Records from a data collection:
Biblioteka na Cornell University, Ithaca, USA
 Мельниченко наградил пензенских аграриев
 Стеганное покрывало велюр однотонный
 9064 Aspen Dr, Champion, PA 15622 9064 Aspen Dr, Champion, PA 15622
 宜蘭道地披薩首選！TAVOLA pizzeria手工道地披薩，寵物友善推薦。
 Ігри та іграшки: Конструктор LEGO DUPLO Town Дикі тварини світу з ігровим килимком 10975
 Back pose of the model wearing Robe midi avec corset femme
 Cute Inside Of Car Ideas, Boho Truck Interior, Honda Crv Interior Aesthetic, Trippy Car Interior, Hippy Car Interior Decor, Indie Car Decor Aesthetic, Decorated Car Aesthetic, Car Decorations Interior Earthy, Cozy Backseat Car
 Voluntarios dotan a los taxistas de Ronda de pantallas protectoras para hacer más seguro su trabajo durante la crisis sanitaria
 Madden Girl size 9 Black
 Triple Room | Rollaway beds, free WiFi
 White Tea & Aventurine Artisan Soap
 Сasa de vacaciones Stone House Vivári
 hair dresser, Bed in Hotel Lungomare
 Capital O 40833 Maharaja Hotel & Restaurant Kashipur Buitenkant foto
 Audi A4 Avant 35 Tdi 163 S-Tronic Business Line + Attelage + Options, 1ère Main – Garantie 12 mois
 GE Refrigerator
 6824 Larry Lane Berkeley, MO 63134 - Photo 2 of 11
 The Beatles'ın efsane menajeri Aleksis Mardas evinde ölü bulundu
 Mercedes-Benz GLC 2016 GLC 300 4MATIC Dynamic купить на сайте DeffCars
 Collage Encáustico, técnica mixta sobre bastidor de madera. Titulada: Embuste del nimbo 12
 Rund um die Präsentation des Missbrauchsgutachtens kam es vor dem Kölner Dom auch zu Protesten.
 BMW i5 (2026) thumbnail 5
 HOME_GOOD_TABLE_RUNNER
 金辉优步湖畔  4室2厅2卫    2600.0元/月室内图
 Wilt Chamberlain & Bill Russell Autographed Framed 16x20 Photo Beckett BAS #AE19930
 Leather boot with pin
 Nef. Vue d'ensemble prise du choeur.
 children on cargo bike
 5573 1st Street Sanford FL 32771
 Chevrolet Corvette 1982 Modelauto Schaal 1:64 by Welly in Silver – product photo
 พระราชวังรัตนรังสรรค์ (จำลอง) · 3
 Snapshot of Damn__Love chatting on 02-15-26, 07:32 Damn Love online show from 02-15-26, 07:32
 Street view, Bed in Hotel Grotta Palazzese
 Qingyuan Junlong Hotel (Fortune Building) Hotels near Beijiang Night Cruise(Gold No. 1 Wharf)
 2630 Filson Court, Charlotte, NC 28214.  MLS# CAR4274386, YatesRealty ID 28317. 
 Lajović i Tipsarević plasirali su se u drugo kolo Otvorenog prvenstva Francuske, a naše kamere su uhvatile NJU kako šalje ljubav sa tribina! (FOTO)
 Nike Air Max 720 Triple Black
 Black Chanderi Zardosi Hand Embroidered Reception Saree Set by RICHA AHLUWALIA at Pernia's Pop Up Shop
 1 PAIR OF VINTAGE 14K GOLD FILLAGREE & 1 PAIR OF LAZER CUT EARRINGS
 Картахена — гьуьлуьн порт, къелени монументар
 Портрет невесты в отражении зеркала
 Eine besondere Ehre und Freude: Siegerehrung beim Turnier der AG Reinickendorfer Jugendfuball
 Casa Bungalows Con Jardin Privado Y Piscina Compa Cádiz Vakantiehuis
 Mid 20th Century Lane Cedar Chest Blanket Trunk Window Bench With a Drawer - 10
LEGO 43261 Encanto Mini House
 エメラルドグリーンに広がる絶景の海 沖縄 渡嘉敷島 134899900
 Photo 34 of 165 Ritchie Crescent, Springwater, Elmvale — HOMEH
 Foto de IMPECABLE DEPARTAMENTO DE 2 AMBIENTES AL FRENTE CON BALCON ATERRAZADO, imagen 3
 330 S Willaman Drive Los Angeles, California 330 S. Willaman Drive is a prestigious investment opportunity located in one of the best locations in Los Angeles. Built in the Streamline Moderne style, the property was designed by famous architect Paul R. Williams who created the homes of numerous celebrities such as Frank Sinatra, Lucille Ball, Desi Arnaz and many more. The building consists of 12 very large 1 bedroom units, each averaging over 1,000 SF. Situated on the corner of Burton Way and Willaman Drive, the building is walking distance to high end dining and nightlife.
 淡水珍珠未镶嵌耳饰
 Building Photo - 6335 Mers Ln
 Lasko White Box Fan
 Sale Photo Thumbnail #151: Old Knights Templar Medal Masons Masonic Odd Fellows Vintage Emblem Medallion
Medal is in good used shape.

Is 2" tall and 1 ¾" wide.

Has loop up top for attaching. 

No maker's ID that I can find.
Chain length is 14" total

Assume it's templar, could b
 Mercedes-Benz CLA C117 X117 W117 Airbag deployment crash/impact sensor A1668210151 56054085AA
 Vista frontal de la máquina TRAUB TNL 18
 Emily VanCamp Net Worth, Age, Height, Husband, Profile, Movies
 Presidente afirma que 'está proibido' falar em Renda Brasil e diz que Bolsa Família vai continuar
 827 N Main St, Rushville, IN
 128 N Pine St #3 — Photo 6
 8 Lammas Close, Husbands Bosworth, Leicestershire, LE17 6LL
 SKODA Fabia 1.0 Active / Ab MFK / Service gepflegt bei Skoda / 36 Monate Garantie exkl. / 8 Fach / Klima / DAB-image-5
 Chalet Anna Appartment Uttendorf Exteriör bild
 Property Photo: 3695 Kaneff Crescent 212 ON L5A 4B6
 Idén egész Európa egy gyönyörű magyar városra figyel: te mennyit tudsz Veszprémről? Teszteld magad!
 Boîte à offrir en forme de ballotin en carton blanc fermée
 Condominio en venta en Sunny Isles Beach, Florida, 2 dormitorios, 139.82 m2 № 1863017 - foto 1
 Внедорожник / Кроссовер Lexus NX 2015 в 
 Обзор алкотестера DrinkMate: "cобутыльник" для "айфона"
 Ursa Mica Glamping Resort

→ **Exercise**:
Scan the records above line by line, counting those where the word "LEGO" appears, and give the count alone.

→ **Solution for this problem**:
2